One of the most impressive feats of endurance in the animal world is performed by the sled dogs that run up to 100 miles per day in such races as Alaska’s Iditarod, a grueling 1,161-mile trek from Simpson to Homer.
Michael Davis, a professor at Oklahoma State University who has studied sled dogs for 10 years, says their incredible endurance may be the key to treating obesity in people who have either type 2 or pre-diabetes.
The key, says Davis, is understanding how the dogs achieve an incredibly high sensitivity to insulin-a sensitivity that allows them to metabolize glucose and fat.
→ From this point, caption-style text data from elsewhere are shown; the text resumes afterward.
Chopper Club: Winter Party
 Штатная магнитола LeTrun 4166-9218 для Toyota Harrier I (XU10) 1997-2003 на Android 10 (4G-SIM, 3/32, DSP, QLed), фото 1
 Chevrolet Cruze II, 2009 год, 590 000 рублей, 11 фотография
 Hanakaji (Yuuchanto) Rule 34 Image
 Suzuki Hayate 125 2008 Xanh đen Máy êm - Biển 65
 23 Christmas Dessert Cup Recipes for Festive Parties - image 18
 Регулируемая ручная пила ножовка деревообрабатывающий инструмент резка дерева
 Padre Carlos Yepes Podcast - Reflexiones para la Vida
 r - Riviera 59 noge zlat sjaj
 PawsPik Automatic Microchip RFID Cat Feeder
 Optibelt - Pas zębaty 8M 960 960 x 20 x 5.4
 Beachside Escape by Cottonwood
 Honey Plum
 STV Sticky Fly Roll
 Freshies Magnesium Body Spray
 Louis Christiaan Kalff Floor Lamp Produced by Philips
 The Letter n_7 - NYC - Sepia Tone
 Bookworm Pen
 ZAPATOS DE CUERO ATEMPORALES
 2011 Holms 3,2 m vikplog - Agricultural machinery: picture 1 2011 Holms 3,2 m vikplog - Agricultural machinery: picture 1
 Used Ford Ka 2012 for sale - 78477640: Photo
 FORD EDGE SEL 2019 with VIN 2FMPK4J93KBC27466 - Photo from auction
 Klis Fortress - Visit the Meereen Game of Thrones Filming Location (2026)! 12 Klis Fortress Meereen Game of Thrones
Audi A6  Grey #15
In his research, Davis has experimented with measuring the insulin sensitivity of dogs who are in “Iditarod-ready” shape and dogs that have been inactive for several months. While his results show a dramatic difference in the metabolic proficiencies of the two groups-the “in-shape” dogs are very insulin-sensitive-he does not yet know why and how extreme exercise brings on such a high level of sensitivity.
The research holds out the hope that once the metabolic process for increasing insulin sensitivity is understood, it may be possible to induce it in type 2s who, because of obesity or handicap, are not able to exercise.
Davis’s work is funded by a $30,000 research grant from Oklahoma State University ($20,000) and the Diabetes Action Research and Education Foundation ($10,000).